# Ultrawide lens vs. event shoot...



## schuylercat (Mar 4, 2008)

Portrait shooters who have used VERY wide angle for any reason to post a few sample pics?  I'm building my gear, and currently have an EOS 40D, an old 28-80 f/2.8L that's still optically superb, and except for a battery and a 2gb flash card, that's it.

I want to look into W/A for various creative reasons, but I just learned the wedding reception I am practicing for will be held in rather a smallish room (old stone-walled pub, pretty dark).  My 28MM may not be able to catch group shots in this little space, and I'd like to see and hear how you pros have handled tight spaces with your lenses.  I'm looking at the Canon 10-22 ($$$,) or the Sigma 10-20 ($), and fear they might be juuuust a little TOO wide.

Of coure, lighting becomes an issue as well - I'm looking at grabbing the Canon kit that uses the ST-E2 remote and a pair of 580EX's, but lighting a scene that's ultra wide, even with a pair of lights...um, OK.  I'm out of my depth already.

Help me!


----------



## Big Mike (Mar 4, 2008)

http://www.thephotoforum.com/forum/showthread.php?t=95620


----------



## Big Mike (Mar 4, 2008)

Have you tried a lens in the 17-55 'ish' range?  That is what would be considered 'normal' for this camera. (28-80mm is normal on a film camera).

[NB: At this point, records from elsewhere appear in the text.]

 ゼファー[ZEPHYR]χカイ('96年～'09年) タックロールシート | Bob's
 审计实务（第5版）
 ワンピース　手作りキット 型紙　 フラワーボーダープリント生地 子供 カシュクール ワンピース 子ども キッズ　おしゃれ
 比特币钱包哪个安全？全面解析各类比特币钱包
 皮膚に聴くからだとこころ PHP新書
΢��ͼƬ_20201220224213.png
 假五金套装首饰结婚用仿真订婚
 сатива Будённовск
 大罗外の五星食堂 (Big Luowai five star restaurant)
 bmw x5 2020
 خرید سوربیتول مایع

The best lens in this range is the Canon 17-55 F2.8 IS.  It's expensive but for weddings, it's the best tool for the job.
Some alternatives would be the Tamron 17-50mm F2.8 or the Sigma 18-50mm F2.8.  They are both good, but not as good as the Canon...and of course, they lack IS.  (I have the Tamron)

I also have the 10-22mm.  I don't have any portraits handy to show...but it is a very fun lens to shoot with.

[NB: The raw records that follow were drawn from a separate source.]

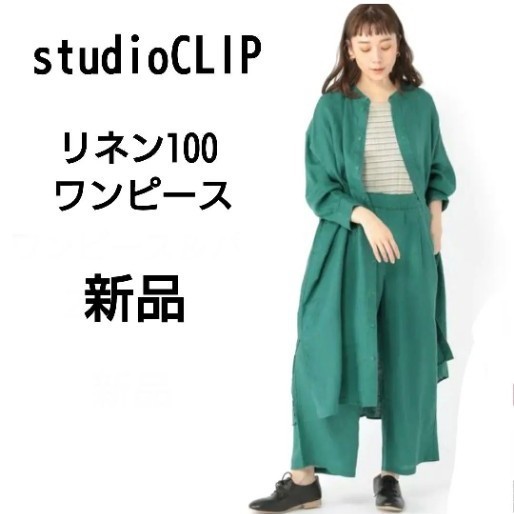 定価18000円◇スコットクラブ系列◇リネンシャツワンピース レディース ...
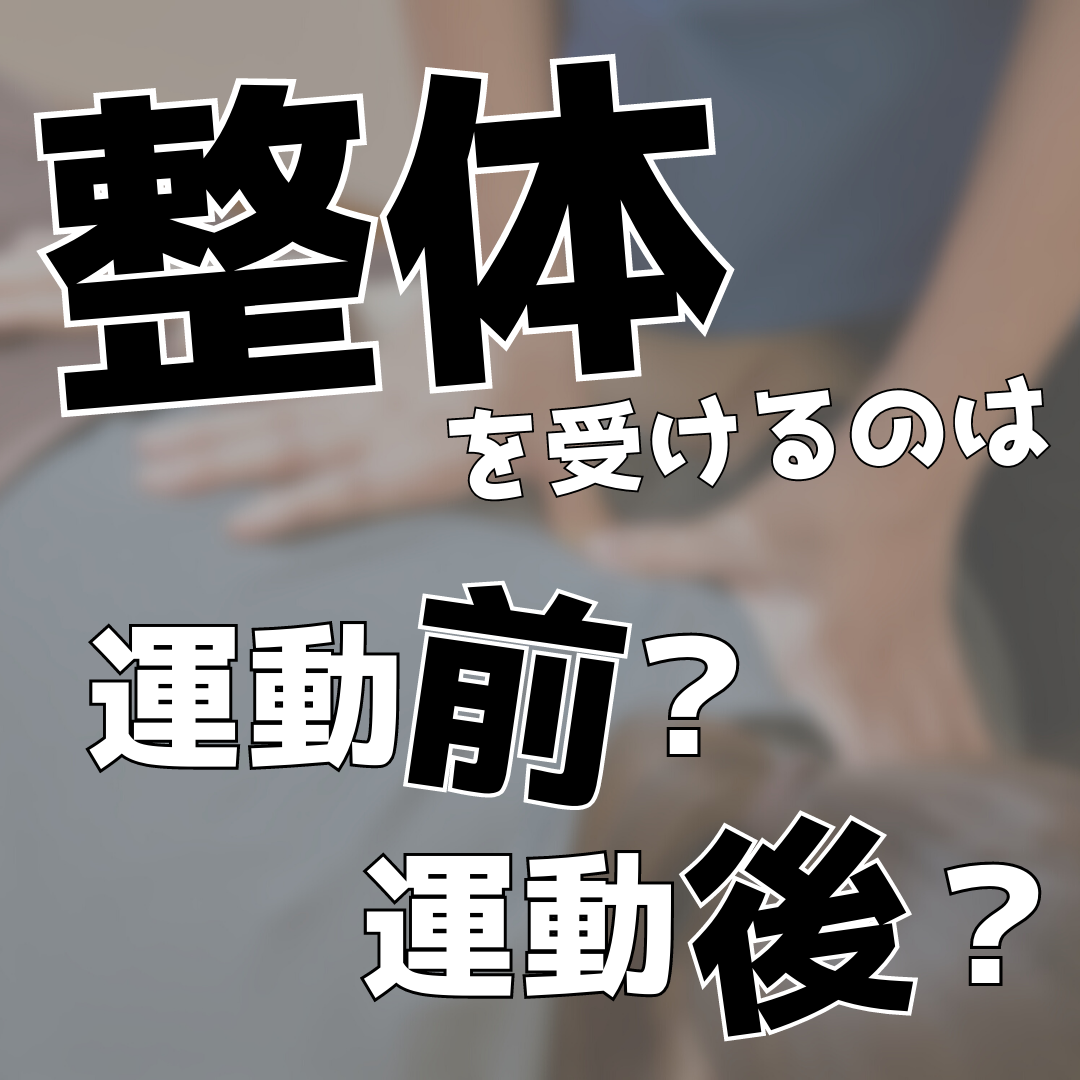 整体を受けるのは運動前？運動後？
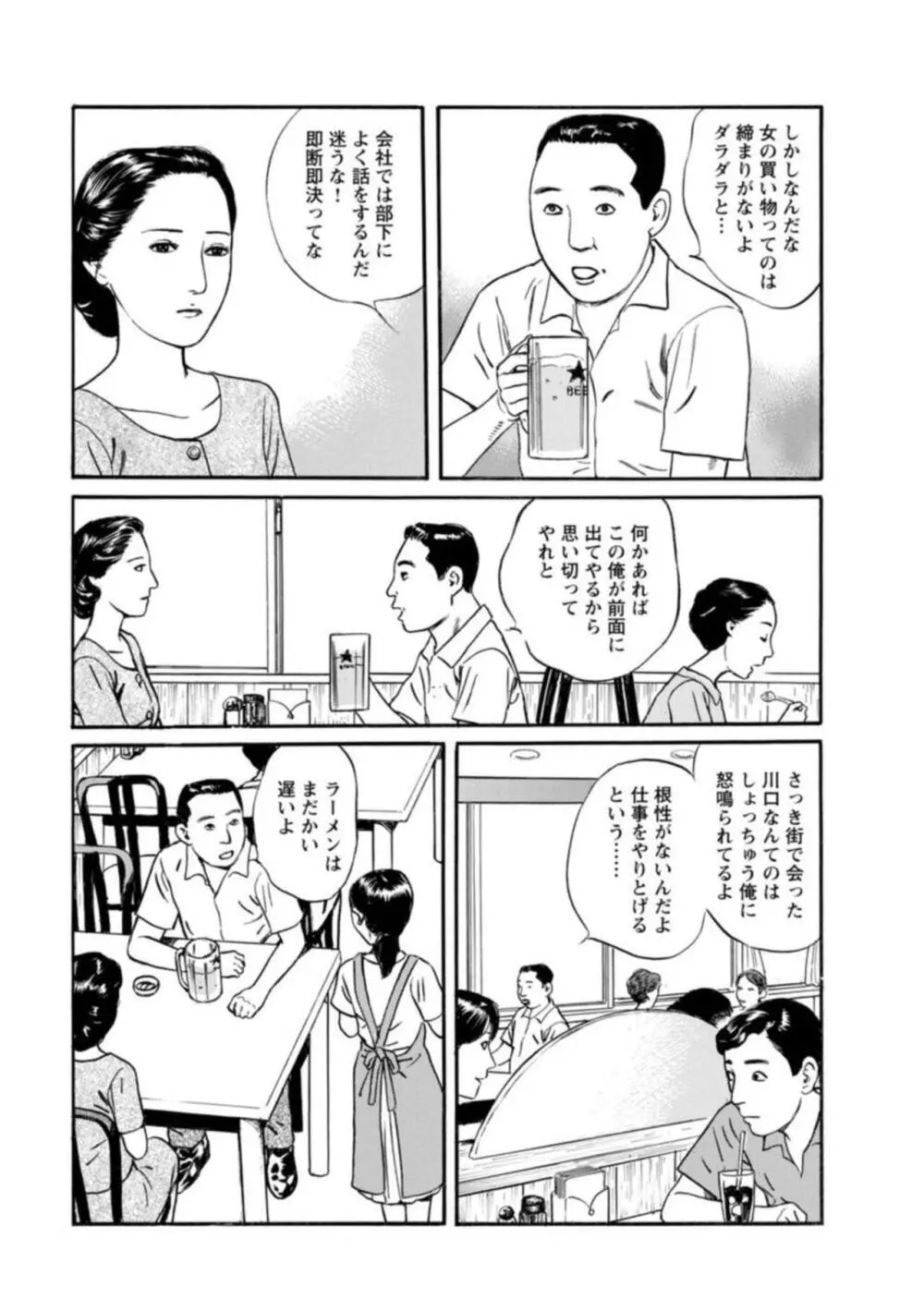 欲に溺れる人妻~若い欲に蜜をこぼして~【合冊版】1 Page.97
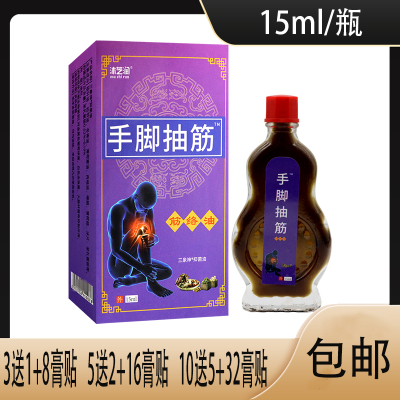 【3送1】沐芝润 手脚抽筋筋络油 桉叶油松节油冬青油薄荷素油冰片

It is great for environmental shots, where you want to show the people and the space...but I wouldn't recommend using it for more formal type shots where a longer focal length would be better.

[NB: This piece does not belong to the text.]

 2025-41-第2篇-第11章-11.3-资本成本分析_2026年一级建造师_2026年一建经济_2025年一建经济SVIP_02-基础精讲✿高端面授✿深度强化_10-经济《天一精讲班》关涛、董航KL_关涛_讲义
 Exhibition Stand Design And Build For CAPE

If you can, maybe go into a camera store and try out the different lenses...or at least something around 17mm.  That way you can try to judge if that will be wide enough for you.


----------



## JIP (Mar 4, 2008)

I agree with Mike, a 17-55 might be a more appropiate lens for your needs.  a 10-20 lens has a place at a wedding but a very limited one for taking some, for lack of a better term, novelty type images but in my opinion it is not a great general-purpose lens.  But this all goes out the window because everything depends on your own personal style.


----------



## schuylercat (Mar 5, 2008)

Hi guys

Thanks for the feedback.  I have had a lot of similar feedback from elsewhere - lots of people said "what, you got mental problems?  Go to Ritz, try a 10-20, and see what you think."

And so...off I go!

Cheers


----------



## EOS_JD (Mar 5, 2008)

10-22 is not for "normal" portraits. It's great for a different perspective but UWA lenses accenuate parts of the body that you may not want to show..... 

17-55 should be wide enough even in smallish rooms.

10-22 is great for large groups and different perspective shots.


----------